Irradiation facilitates the inhibitory effect of the heat shock protein 90 inhibitor NVP-BEP800 on the proliferation of malignant glioblastoma cells through attenuation of the upregulation of heat shock protein 70.

Experimental and therapeutic medicine (2014-08-15)
Jianyue Wu, Weimin Wang, Qin Shao, Guomin Xiao, Jun Cheng, Yunpeng Yuan, Mei Zhang
RESUMO

The present study aimed to investigate the effect of NVP-BEP800, a novel heat shock protein (Hsp) 90 inhibitor of the 2-aminothieno[2,3-d]pyrimidine class, in combination with radiation on glioblastoma cells. T98G human glioblastoma cells were treated with dimethyl sulfoxide (DMSO), NVP-BEP800, NVP-BEP800 in combination with X-ray irradiation (10 Gy, 20 min), or X-ray irradiation only, and cultured for 40 h. Cell viability was measured upon completion of the treatments. In addition, apoptosis was measured and immunoblot analysis was performed to analyze the expression levels of cellular protein inhibitory κB kinase β (IKKβ). The combined treatment with NVP-BEP800 and X-ray irradiation resulted in the synergistic destruction of malignant cells.
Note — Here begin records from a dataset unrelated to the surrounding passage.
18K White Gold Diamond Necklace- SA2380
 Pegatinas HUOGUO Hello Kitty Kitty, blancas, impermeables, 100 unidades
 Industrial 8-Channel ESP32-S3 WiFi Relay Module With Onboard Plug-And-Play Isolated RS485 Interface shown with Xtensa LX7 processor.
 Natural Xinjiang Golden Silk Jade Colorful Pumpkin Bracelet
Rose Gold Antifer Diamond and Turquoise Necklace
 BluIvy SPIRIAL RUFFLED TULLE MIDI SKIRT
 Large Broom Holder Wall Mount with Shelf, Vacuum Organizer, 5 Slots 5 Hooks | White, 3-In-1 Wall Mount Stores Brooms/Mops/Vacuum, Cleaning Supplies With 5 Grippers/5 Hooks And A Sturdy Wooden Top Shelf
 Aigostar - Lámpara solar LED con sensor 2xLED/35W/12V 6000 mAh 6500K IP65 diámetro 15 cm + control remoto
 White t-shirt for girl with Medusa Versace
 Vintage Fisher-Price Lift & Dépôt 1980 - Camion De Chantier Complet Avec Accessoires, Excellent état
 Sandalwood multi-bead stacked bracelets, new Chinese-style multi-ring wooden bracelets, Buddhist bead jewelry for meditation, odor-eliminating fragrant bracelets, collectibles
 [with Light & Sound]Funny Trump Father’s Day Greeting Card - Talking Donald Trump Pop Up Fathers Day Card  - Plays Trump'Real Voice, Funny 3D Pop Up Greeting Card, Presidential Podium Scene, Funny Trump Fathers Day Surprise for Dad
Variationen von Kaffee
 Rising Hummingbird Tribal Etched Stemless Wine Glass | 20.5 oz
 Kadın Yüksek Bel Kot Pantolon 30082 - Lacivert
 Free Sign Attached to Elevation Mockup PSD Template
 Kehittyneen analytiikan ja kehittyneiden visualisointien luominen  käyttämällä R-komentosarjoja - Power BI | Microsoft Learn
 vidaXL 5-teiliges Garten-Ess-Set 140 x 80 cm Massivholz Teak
Furthermore, NVP-BEP800 significantly induced apoptosis in the human glioblastoma cells. The immunoblot analysis data indicated that NVP-BEP800 markedly reduced the expression level of IKKβ. The results also revealed that X-ray irradiation significantly attenuated the increase in the level of Hsp70 in cells treated with NVP-BEP800. Since elevated levels of Hsp70 are associated with drug resistance induced by Hsp90 inhibitors, the effects of X-ray irradiation on Hsp70 levels may be associated with the enhanced effect on cells of the presence of irradiation. The results of the current study suggest that irradiation enhances the inhibitory effect of NVP-BEP800 on the proliferation of malignant glioblastoma cells by downregulating the expression level of cellular signaling protein IKKβ and attenuating the upregulation of Hsp70 that is induced by NVP-BEP800.